[BRIEF] Report each line of the entries that includes "with" by copying it.

○ ○ ○

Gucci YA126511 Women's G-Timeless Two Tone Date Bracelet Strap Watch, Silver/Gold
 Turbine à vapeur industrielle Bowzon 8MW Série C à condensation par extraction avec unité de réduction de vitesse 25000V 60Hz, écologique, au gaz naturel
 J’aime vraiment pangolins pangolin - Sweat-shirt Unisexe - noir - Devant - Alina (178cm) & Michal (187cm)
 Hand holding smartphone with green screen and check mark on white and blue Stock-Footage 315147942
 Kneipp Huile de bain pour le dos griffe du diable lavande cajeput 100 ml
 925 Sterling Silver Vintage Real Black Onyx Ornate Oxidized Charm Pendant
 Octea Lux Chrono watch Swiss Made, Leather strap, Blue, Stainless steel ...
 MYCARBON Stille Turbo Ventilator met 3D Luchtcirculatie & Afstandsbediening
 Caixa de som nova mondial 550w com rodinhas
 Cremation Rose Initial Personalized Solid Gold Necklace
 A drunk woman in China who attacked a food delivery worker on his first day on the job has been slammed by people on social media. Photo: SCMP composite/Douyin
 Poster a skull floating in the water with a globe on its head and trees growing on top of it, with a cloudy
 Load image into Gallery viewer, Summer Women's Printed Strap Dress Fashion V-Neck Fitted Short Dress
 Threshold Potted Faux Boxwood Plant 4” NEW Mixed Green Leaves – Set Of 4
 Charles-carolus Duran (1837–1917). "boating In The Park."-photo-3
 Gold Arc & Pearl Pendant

○ ○ ○

[ANSWER FOR THIS EXERCISE]
 Hand holding smartphone with green screen and check mark on white and blue Stock-Footage 315147942
 Poster a skull floating in the water with a globe on its head and trees growing on top of it, with a cloudy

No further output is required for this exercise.